**EXERCISE OBJECTIVE:** Every line of the material needs an exact copy, apart from the images.

**MATERIAL PROVIDED:**
+++++

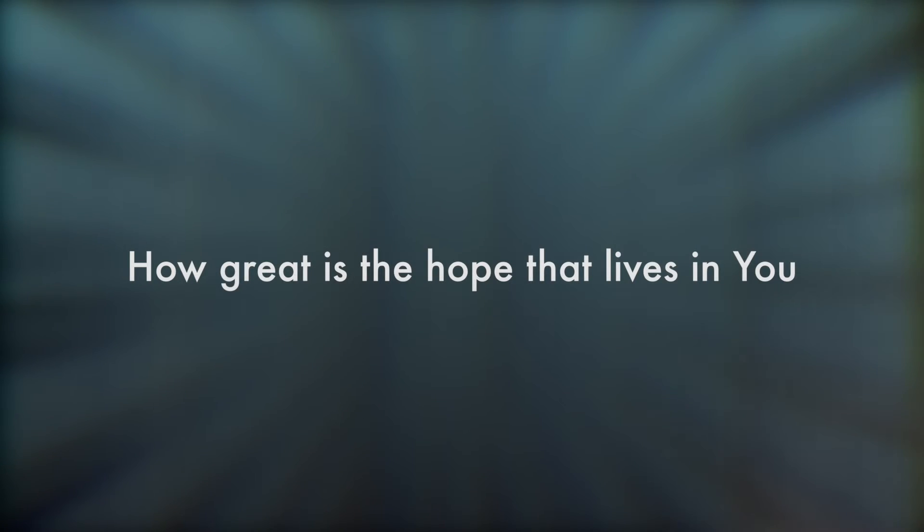If heaven now holds that vacant tomb, how great is the hope that lives in you. The passion that tore through hell like a rose, the promise that rolled back death from this stone.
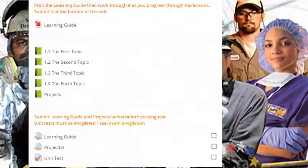Throughout the unit, you'll also find quizzes, assignments, tests, and or projects. Instructions will precede all of these. Use them to help you improve and assess your learning.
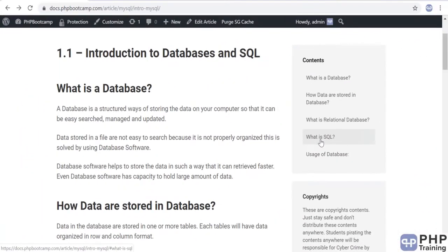Hello and welcome to this lecture on introduction to database and SQL. We'll understand what a database is, what its purpose is, and what you do in a database. Then we'll understand what SQL is, and finally we'll cover the different types of databases available in the market.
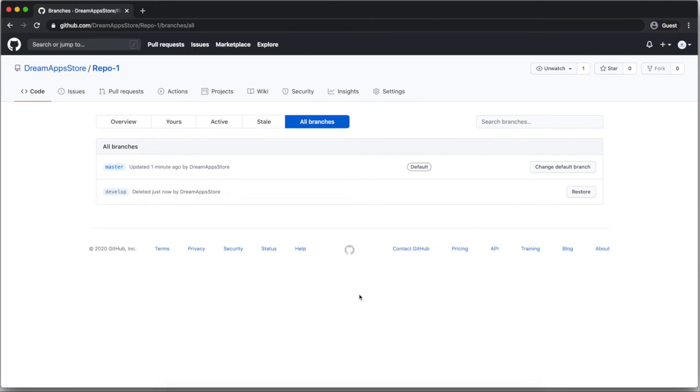So this is how we can create new branch, merge the branch, or delete the branch.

+++++

**EXERCISE SOLUTION:**
If heaven now holds that vacant tomb, how great is the hope that lives in you. The passion that tore through hell like a rose, the promise that rolled back death from this stone.
Throughout the unit, you'll also find quizzes, assignments, tests, and or projects. Instructions will precede all of these. Use them to help you improve and assess your learning.
Hello and welcome to this lecture on introduction to database and SQL. We'll understand what a database is, what its purpose is, and what you do in a database. Then we'll understand what SQL is, and finally we'll cover the different types of databases available in the market.
So this is how we can create new branch, merge the branch, or delete the branch.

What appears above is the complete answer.